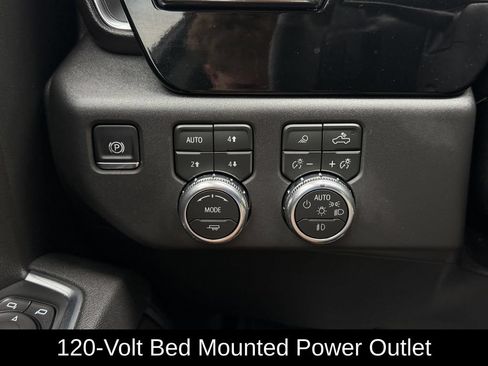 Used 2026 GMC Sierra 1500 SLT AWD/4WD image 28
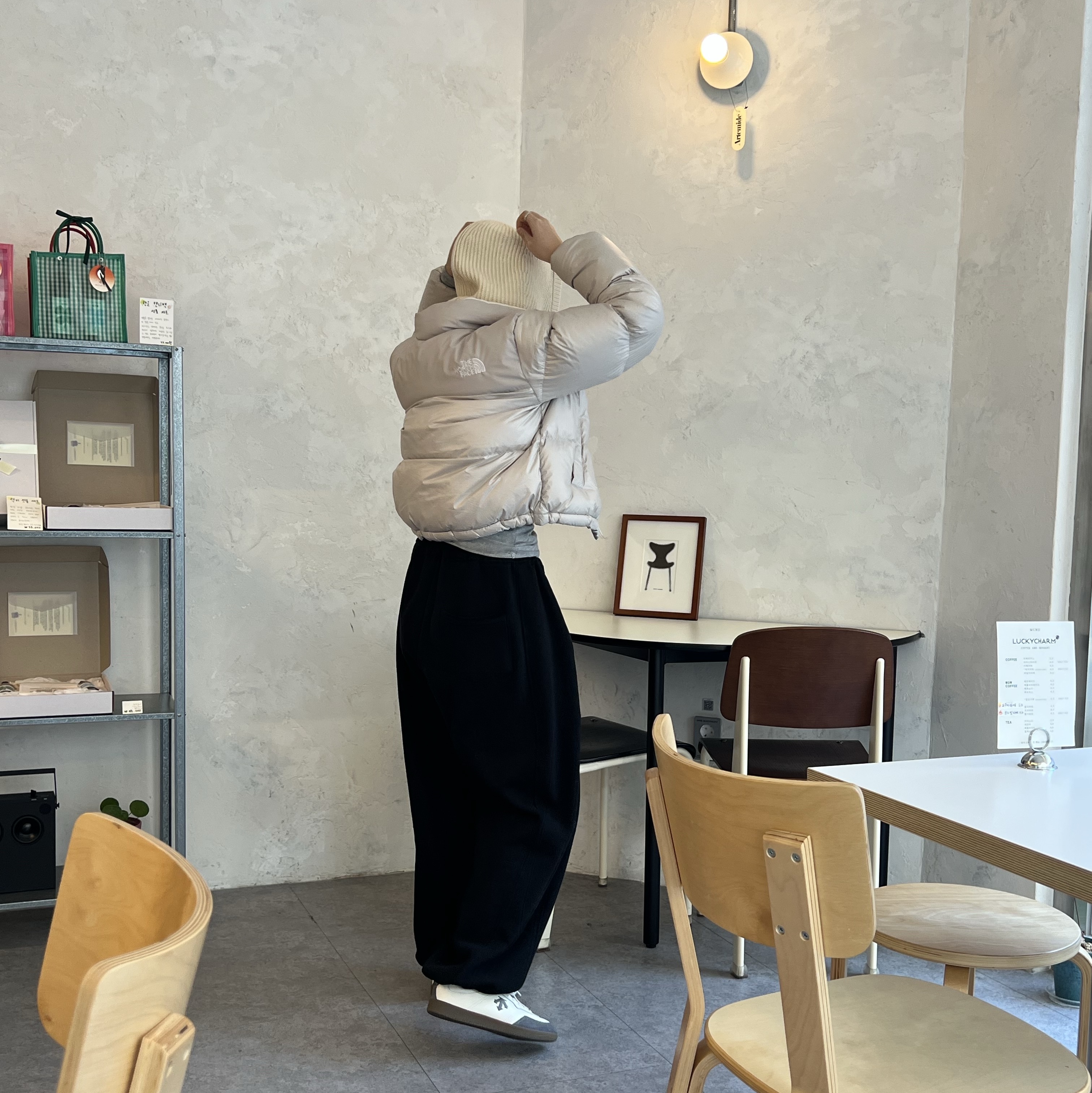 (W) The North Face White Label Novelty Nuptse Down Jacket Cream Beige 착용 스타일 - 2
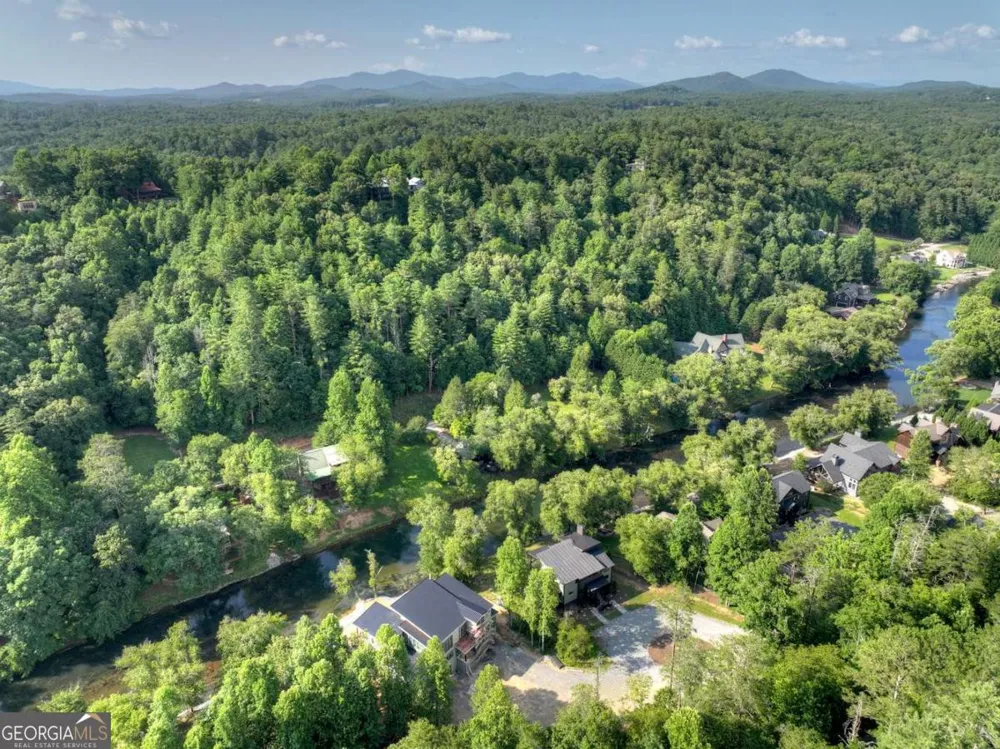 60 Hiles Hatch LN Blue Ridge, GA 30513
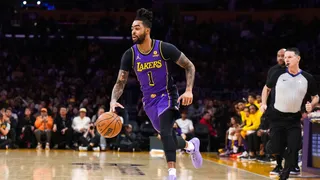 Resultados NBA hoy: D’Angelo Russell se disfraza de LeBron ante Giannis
———
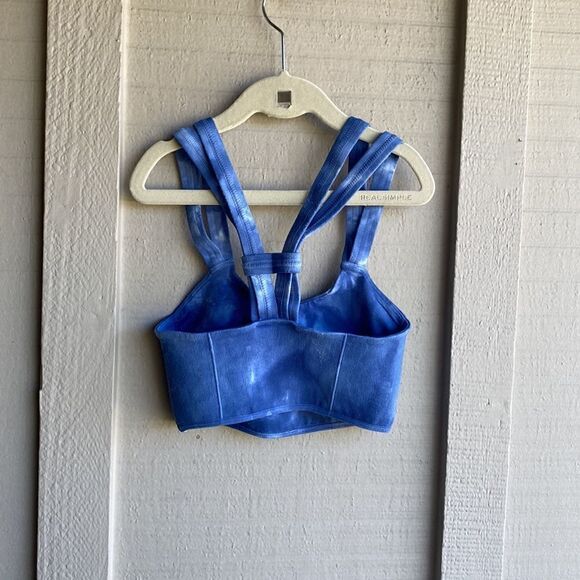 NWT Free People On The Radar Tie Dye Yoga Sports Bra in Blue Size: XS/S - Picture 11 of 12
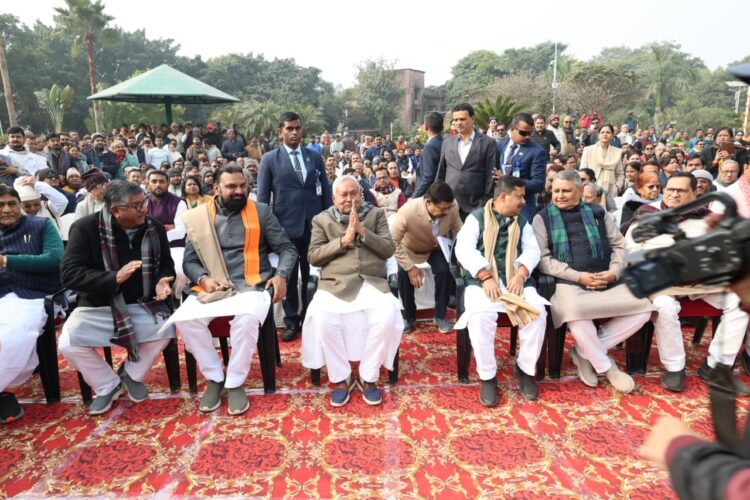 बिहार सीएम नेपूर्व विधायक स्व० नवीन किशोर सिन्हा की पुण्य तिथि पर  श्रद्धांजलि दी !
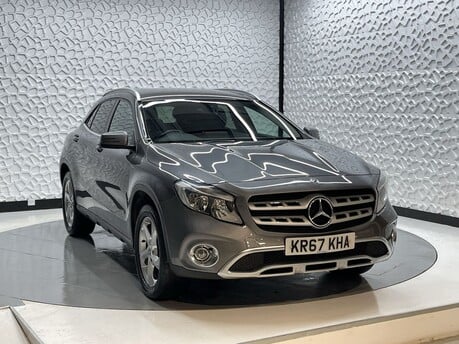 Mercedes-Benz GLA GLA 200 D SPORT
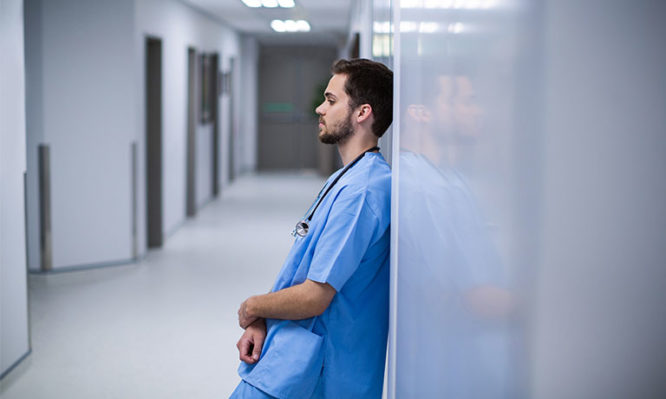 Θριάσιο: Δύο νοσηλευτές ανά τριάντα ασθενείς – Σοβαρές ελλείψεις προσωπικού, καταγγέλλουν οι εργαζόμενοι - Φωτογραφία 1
———
§ **What you are asked to do**: When copying from the data above, print only the lines from the line containing "Used 2026 GMC" to the line containing "Resultados NBA hoy: D’Angelo", exactly, and leave the pictures out.

§ **Response to this task**:
 Used 2026 GMC Sierra 1500 SLT AWD/4WD image 28
 (W) The North Face White Label Novelty Nuptse Down Jacket Cream Beige 착용 스타일 - 2
 60 Hiles Hatch LN Blue Ridge, GA 30513
 Resultados NBA hoy: D’Angelo Russell se disfraza de LeBron ante Giannis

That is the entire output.